Our history
Original Bathrooms has a unique heritage, with family links to the great Victorian inventors who gave us the first wash-down closets. Below you will find a remarkable pictorial history of the family’s involvement in the invention and development of the flushing toilet system as we know it today.
Edward Humpherson, founder
Edward Humpherson first became a silversmith before turning to plumbing in the early 1870s. He was a fine, upright gentleman with a bushy moustache and a gold watch and chain draped proudly across his chest.
At the time, Edward lived opposite the renowned Thomas Crapper’s showrooms in Marlborough Road, Chelsea (now Draycott Avenue) and two of his four sons, Frederick and Alfred, each served four year apprenticeships with Crapper.
In its archives the family still has the original apprenticeship papers signed on 8th April 1871 by Frederick, Edward and Crapper and witnessed by Robert Mar Wharam (whose family bought Crappers in 1910). Frederick’s wages were ten shillings a week for six days from 6.30am to 5.30pm. Both sons then joined Edward in his business Humpherson & Co at the Beaufort Works in Kings Road, Chelsea and their showrooms were on the corner of Beaufort Street and Fulham Road. A third son founded the firm of Hexter Humpherson in Devon, which manufactured glazed pipes and other important sanitaryware items
The Improved Syphon Cistern
The enthusiasm and original minds of Frederick and Alfred Humpherson pushed the business on to achieve eminence in plumbing matters. Their large range of products was sent all over the UK and used by other manufacturers. One early success was the efficient ‘Improved Syphon Cistern’ patented by Frederick in 1885 which received the only prize medal – a handsome bronze medallion bearing the head of Queen Victoria – for flushing cisterns at the International Inventions Exhibition of that year. Many other inventions and patents followed.
Frederick Humpherson
Born in 1854 and apprenticed at the age of seventeen, Frederick Humpherson was intelligent and largely self-educated and the family archive contains a leather-bound book containing twenty three of his original City & Guilds certificates. These were all gained by Frederick at Elementary, Intermediate and First Class levels between the age of 17 and 21 and included such subjects as Acoustics, Light & Heat, Metallurgy, Applied Mechanics and Machine Construction & Drawing. A remarkable achievement considering that he was then working eleven hour days for Thomas Crapper!In 1900, Frederick Humpherson purchased three small cottages in Holmes Place along Fulham Road which he demolished and built showrooms, a warehouse, extensive workshops and a mansion flat above. The company moved there in 1901 and the family archive still has the working drawings. The property was sold in 1973 and became the first Holmes Place Health Club.

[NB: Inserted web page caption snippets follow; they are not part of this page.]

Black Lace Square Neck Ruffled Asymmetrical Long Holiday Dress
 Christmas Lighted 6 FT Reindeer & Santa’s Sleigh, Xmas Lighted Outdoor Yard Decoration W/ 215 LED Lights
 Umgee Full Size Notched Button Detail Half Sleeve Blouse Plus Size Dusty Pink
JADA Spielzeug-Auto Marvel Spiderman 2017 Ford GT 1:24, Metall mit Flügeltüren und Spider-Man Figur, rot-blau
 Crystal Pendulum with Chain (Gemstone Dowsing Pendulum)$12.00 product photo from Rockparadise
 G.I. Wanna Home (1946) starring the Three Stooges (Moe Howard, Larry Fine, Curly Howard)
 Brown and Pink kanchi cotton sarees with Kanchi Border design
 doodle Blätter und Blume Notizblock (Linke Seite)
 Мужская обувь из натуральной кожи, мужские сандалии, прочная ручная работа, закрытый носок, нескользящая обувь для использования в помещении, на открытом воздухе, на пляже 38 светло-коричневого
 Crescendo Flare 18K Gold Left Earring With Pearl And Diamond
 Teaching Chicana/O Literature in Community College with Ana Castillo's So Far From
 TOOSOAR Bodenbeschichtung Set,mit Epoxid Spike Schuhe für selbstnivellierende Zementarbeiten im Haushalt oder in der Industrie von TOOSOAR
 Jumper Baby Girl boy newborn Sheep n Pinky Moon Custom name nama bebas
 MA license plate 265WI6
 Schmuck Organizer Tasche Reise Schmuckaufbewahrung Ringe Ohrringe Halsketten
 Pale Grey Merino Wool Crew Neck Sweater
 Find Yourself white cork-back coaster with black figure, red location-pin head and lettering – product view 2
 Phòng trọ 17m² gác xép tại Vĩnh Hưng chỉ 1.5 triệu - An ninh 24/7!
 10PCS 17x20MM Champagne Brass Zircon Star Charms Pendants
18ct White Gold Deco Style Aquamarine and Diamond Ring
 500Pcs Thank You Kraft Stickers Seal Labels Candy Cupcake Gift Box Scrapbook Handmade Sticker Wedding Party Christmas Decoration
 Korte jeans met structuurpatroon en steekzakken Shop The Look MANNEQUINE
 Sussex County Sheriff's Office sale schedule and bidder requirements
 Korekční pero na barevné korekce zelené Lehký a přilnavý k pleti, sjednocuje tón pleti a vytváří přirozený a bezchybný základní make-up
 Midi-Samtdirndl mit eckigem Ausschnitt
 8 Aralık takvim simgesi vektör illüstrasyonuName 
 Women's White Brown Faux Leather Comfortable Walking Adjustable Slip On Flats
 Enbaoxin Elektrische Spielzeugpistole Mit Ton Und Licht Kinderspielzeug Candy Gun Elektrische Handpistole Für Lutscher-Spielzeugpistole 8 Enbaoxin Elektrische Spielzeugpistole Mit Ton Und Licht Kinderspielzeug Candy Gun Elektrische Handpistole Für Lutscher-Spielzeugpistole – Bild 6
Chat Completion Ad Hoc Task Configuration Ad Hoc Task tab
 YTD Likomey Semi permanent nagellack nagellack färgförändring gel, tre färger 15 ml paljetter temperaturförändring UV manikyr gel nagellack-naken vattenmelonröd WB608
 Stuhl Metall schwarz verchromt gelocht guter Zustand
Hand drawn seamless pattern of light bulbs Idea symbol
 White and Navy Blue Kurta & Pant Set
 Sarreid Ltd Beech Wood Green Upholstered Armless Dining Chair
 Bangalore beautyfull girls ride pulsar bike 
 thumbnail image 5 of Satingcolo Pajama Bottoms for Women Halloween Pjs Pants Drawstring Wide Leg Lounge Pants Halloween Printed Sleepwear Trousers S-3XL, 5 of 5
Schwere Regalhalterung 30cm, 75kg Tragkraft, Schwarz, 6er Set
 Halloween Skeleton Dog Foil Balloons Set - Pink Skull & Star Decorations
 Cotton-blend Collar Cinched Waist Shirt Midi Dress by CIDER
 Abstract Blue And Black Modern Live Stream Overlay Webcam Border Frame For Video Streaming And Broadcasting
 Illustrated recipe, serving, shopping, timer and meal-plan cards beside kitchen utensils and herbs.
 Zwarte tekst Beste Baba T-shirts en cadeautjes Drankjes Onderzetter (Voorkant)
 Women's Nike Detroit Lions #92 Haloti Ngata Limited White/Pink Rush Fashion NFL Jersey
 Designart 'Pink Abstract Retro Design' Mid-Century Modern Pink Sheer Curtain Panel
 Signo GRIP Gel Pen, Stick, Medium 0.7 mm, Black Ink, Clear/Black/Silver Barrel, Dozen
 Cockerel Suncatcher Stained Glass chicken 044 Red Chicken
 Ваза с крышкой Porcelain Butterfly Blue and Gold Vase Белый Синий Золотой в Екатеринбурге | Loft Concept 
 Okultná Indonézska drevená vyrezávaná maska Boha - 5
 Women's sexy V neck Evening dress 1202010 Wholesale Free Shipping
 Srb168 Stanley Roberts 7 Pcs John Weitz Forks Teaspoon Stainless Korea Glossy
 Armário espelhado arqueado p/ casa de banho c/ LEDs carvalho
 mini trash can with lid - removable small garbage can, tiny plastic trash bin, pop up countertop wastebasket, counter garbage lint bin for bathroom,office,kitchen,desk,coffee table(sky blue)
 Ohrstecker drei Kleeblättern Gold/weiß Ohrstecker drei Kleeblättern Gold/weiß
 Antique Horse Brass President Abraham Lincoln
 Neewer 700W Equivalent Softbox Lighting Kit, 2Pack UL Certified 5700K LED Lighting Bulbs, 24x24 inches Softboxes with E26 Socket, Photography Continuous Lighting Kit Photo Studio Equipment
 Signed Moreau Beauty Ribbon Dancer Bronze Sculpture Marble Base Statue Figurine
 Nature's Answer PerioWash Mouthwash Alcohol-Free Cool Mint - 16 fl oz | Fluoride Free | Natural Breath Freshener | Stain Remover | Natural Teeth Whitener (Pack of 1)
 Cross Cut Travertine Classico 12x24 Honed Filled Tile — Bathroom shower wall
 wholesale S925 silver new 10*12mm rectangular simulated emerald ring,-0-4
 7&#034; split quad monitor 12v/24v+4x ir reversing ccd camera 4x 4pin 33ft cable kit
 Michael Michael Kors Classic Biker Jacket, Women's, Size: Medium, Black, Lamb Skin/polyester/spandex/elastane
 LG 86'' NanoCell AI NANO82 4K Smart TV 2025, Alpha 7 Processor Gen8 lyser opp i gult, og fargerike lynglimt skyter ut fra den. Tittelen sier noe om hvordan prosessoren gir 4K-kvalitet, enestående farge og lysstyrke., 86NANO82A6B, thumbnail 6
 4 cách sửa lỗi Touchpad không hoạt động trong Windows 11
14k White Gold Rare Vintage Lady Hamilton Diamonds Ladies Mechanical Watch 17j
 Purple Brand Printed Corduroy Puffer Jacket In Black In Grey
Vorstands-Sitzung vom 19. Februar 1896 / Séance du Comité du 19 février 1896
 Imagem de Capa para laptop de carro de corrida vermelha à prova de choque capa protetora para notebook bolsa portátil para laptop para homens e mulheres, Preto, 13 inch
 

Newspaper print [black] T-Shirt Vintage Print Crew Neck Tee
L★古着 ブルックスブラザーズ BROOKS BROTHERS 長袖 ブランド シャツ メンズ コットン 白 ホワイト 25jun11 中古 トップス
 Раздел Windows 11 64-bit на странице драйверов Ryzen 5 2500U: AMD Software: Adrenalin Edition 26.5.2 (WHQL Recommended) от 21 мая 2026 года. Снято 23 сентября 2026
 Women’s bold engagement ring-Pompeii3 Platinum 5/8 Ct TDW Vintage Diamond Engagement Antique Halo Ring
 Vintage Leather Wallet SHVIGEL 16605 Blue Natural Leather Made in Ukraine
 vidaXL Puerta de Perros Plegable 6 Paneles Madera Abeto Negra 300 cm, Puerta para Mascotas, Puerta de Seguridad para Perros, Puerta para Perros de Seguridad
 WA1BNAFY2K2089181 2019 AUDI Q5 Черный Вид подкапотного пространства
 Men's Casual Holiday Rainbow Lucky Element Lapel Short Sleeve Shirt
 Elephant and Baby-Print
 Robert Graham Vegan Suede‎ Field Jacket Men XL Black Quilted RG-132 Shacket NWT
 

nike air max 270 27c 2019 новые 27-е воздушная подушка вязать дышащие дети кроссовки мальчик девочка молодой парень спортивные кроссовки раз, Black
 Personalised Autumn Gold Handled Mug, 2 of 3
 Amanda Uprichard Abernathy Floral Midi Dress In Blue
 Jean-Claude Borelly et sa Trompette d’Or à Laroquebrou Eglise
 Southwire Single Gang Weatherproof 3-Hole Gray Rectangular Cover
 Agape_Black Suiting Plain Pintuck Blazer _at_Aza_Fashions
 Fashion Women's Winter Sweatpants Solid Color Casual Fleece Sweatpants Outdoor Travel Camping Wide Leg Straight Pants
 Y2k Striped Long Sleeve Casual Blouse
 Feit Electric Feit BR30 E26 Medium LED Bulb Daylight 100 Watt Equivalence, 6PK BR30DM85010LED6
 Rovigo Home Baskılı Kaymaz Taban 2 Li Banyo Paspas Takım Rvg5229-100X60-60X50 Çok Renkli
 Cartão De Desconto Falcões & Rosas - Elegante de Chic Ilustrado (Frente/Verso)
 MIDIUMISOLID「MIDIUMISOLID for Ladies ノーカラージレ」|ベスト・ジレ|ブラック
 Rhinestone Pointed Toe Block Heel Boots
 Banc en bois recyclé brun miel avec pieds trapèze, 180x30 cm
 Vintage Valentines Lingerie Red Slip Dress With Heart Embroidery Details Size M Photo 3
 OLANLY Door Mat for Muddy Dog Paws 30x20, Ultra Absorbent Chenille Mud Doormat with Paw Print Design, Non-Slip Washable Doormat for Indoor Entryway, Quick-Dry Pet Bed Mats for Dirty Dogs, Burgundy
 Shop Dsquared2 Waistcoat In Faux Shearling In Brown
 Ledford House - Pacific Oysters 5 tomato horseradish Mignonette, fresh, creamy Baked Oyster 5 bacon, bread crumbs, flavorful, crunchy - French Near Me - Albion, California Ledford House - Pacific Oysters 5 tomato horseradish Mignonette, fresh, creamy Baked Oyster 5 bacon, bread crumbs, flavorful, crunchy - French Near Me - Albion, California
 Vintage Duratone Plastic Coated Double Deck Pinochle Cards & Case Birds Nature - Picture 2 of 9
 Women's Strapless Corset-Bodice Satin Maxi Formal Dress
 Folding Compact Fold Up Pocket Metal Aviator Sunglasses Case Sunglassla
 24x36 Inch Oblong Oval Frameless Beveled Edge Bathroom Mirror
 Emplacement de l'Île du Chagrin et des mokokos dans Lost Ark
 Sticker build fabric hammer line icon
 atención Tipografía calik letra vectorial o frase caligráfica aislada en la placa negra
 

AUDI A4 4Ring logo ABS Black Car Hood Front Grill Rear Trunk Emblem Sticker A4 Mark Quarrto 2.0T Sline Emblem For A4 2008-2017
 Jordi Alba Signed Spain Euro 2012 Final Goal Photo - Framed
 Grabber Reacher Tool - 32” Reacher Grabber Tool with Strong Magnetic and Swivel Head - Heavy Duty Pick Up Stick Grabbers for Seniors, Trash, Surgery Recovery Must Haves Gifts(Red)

The Original Pedestal Wash-Down Closet
Humphersons’ proudest claim is that they produced ‘The Original Pedestal Wash-Down Closet’, and the direct ancestor of the type in use worldwide today and is a tribute to the skill and inventiveness of the family. This model, the ‘Beaufort Pedestal Closet’ was awarded the Certificate of Merit of the Sanitary Institute of Great Britain in 1885. Despite the success of this model, Humphersons were still producing the old valve closet which was still much in demand. Indeed, two of these ‘Perfect Elastic-Valve Closets’ were still in use in 1970. Thomas Crapper’s rival and better known claim that he produced the first washdown closet has been finally discounted by experts in the field and Frederick Humpherson is agreed to have been the true inventor.
His great achievements in the sanitary field are now universally acknowledged and his many inventions and designs have been given due credit. His patents include: an improved lead pipe joint and an improved waste water preventer in 1885, a siphonic flushing cistern in 1888, a pedestal water closet in 1891 and in 1892 an automatic or intermittent siphonic flushing apparatus. By comparison, Thomas Crapper has no patents listed which pertain to the design of a WC suite. Indeed, his most famous ‘invention’ was the syphon which was actually designed and patented by Giblin of Fulham who then sold the patent to Crapper.
In addition to their range of water closets, Humphersons also supplied a comprehensive choice of lavatory fittings and stop cocks, one of which was awarded the Silver Medal by the Society of Architects in 1886, and the Star Certificate in 1887. Cast iron and copper baths were also sold, as well as cabinet stands and combined lavatories.